Sentiment should not be allowed to dictate selection. This is not the rugby equivalent of Elton John’s farewell tour. They’ve got to put their best team on the park.

And if you take the WR Rankings at all seriously, a win could see then back up to at least second, as if that really matters, depending on the result of the final.

7) Talking of Which, The Final. 

England have the decided advantage of an extra day to prepare, while the Springboks will be made aware that no team has ever lost a pool match and gone on to claim the Webb Ellis Trophy.

Eddie Jones knows the Springbok mindset, having been the (largely uncredited) architect of their 2007 success, and he will have a strategy for this one too.

Not that you need to be a Rugby Einstein to work out what the Boks will bring. 

It really all points to an England win.

It’s not hard to imagine though, that most neutrals around the world will favour South Africa. England just aren’t that well liked.

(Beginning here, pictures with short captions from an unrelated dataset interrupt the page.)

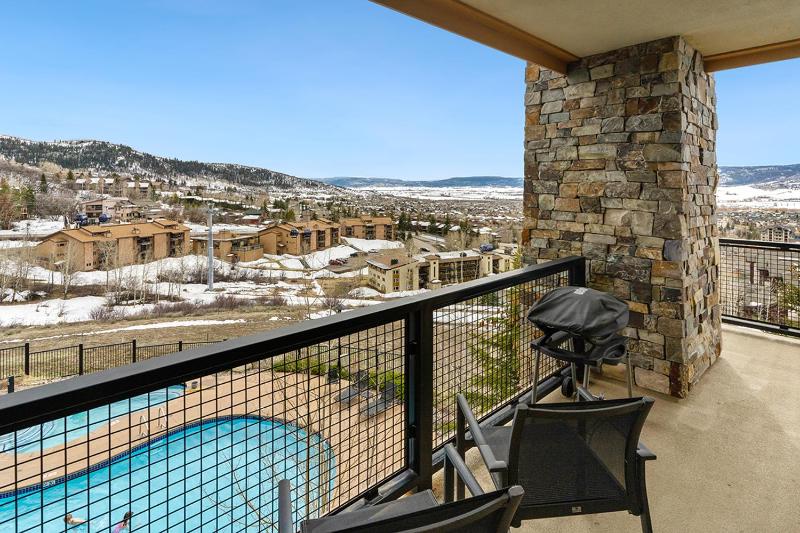 Edgemont 2300 Luxury Condo & Unbeatable Backdoor Ski-In Ski-Out Access! - image 33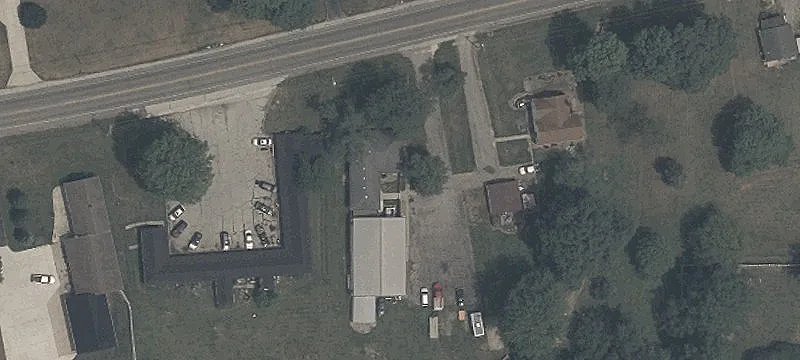 10916 Lincoln Hwya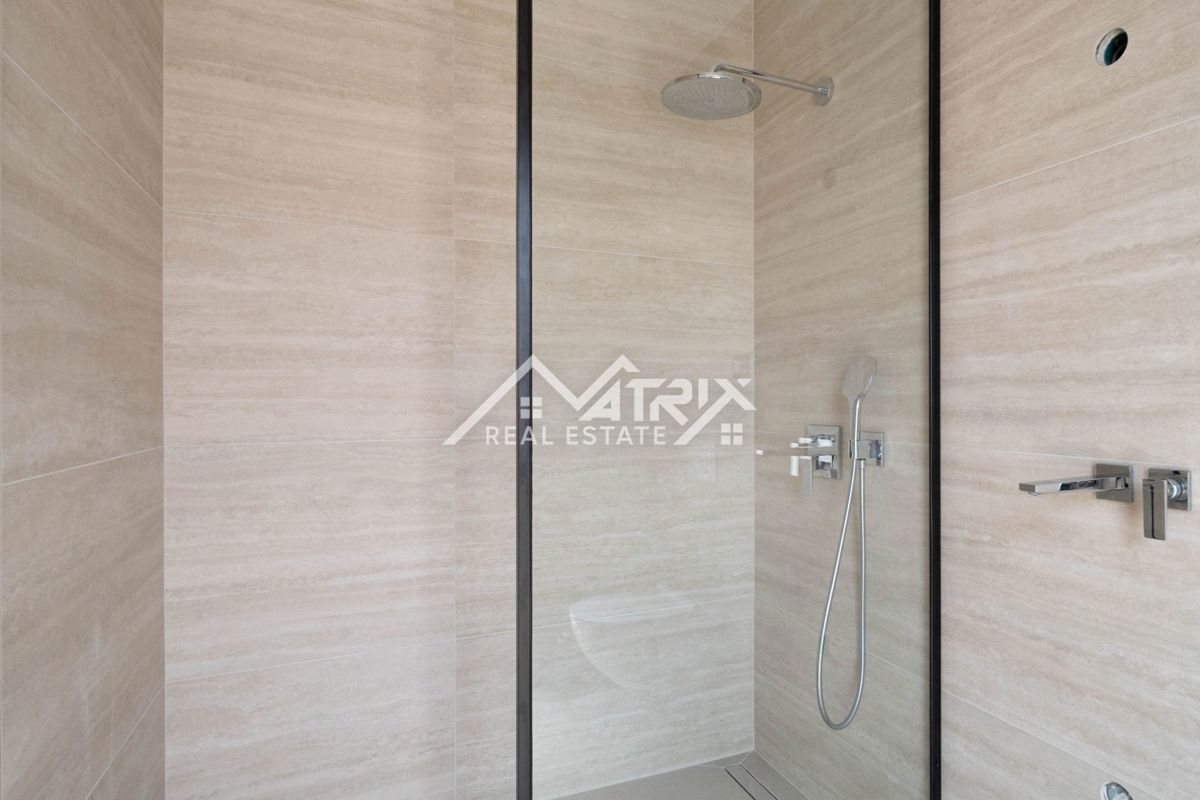 Poreč, moderna vila z bazenom, 2 km od morja in centra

8) And Finally, Fins Up on a Great Domestic Season

No-one in Nelson seemed too bothered about the World Cup.

The Mako capped a brilliant 12-win campaign in the Mitre 10 final, overcoming a Wellington team that played with tremendous character, but just lost their grip at key moments.

It’s worth remembering that 10 years ago, a group of “major” provincial unions tried to get Tasman, along with Northland, Manawatu and Southland kicked out of the NPC, while the Mako concept came under heavy fire from within the alliance.

To have come through that, get out from under the coat tails of the Crusaders and now be top of the heap in NZ provincial rugby is due to some very dedicated, determined, and creative people.

Congrats also to Canterbury for their three-peat in the Farah Palmer Cup, the Otago Spirit for their Farah palmer Cup Championship win, the Bay of Plenty in the Mitre 10 Championship, and to North Otago in the Meads Cup, and South Canterbury in the Lochore Cup.

It might have been in the shadows of RWC, but it was a great domestic competition.